La pellicola, che è una sorta di viaggio attraverso i complicati garbugli della mente umana, scava nelle ombre buie del subconscio dei personaggi e lo fa attraverso volute o violente incursioni ipnotiche per ricostruire e appropriarsi di un ricordo andato perduto. La trance, dopotutto, è uno stato psicofisiologico caratterizzato da una serie di fenomeni come insensibilità agli stimoli esterni, attenuazione o perdita di coscienza, che può essere indotto mediante ipnosi. Ma il termine trance può essere inteso anche in senso figurato quale stato di esaltazione provocato da stimoli esterni come la musica o la danza. Ed entrambe le definizioni risultano appropriate per l’ultima fatica cinematografica di Boyle, thriller psicologico dagli aspetti dell’heist-movie che a tratti sfocia nel dramma (nel film non manca di certo una vena malinconica) e nella tensione sessuale che intercorre tra i tre protagonisti.

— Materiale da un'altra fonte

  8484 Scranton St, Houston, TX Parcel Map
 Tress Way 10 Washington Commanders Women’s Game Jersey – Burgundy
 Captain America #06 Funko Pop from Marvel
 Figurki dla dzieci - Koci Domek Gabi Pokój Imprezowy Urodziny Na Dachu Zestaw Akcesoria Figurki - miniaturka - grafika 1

Boyle ci trasporta così in un vortice caotico che risucchia non solo la mente dei personaggi ma anche la nostra, e quando siamo convinti che una determinata situazione sembra sia giunta al capolinea o abbia ormai preso una certa direzione, ecco che viene inserito l’elemento disturbante, la variabile non direttamente prevedibile che scombussola tutto e cambia le carte in tavola.

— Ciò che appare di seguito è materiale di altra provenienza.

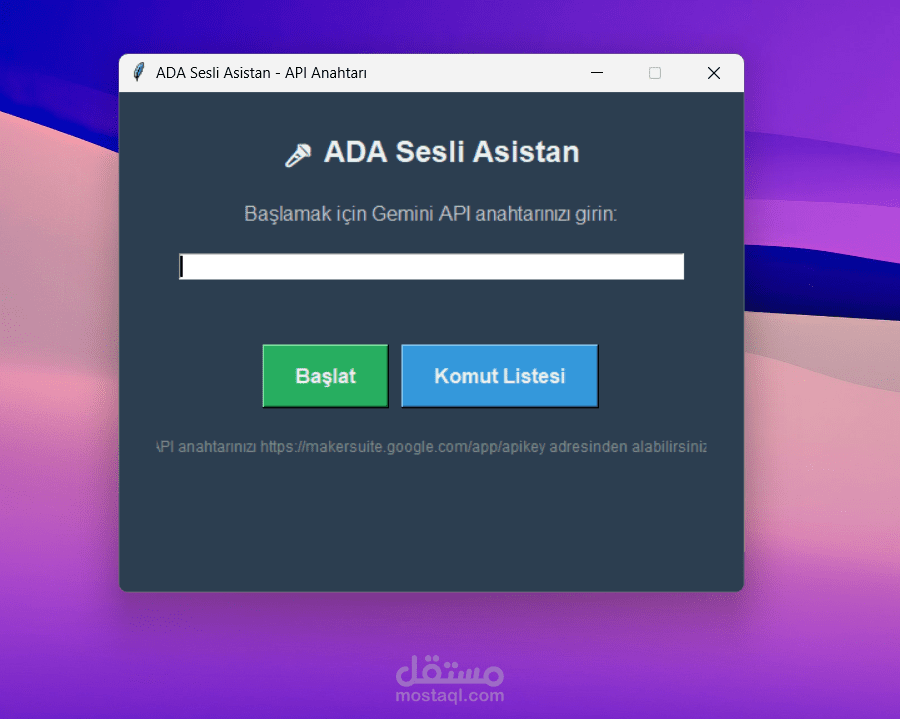 نظام مساعد ذكي قائم على وكلاء الذكاء الاصطناعي (AI Agent) يعمل عبر الـ API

Proprio le carte sono l’oggetto collegabile a Simon (James McAvoy), il protagonista, o quello che sembrerebbe esserlo (perché durante il corso del film scopriremo che la vicenda è incentrata sull’unica figura femminile presente), disonesto assistente di una casa d’asta e dipendente dal gioco d’azzardo. Dopo aver sperperato tutti i suoi soldi giocandoli, egli decide di mettere su una banda di criminali per trafugare una tela valutata milioni di dollari. Ma durante il furto viene colpito alla testa e quando si risveglia una forte amnesia non gli permette di ricordare dove ha nascosto la tela. Il capo della banda (Vincent Cassel) decide di affidarsi ad un’ ipnoterapista (Rosario Dawson) per cercare di giungere attraverso l’utilizzo dell’ipnosi alla tela rubata.

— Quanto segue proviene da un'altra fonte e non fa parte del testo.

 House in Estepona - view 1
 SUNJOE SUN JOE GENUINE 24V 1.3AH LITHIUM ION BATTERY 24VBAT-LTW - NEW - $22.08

L’uso di una colonna sonora incessante e martellante contribuisce a rendere il film a tratti ancora più caotico, quasi a disturbare le immagini e i dialoghi che passano in secondo piano perché siamo distratti dal sonoro. Inoltre l’intento di giocare sui colpi di scena e su realtà sovrapposte su più livelli ricorda vagamente “Inception” di Christopher Nolan. Gli accenni al mondo dell’arte,alla casa d’asta e ad un quadro( le Streghe nell’Aria di Goya)sono quasi un “omaggio” a “La miglore offerta” di Tornatore. Tutto il film è permeato da una femminilità che si impone e domina le scene, dagli ambienti chiusi alle figure femminili, ai nudi dei quadri solamente accennati, fino a Rosario Dawson, vera e indiscussa protagonista che gioca più con la sua sessualità che con il potere dell’ipnosi per soggiogare entrambe le figure maschili. Sulla scia del potere occulto evocato da quadro di Goya si snoda il potere della bella ipnoterapista per tramutarsi da vittima a carnefice e vendicarsi di una male subito anche se il discorso si riduce al potere sessuale della donna sui maschi, che svilisce il senso di rivendicazione e autonomia della protagonista. In trance, dunque, c’è un po’ di tutto: tensione, colpi di scena, sesso e scene splatter. In altre parole 101 minuti di puro intrattenimento.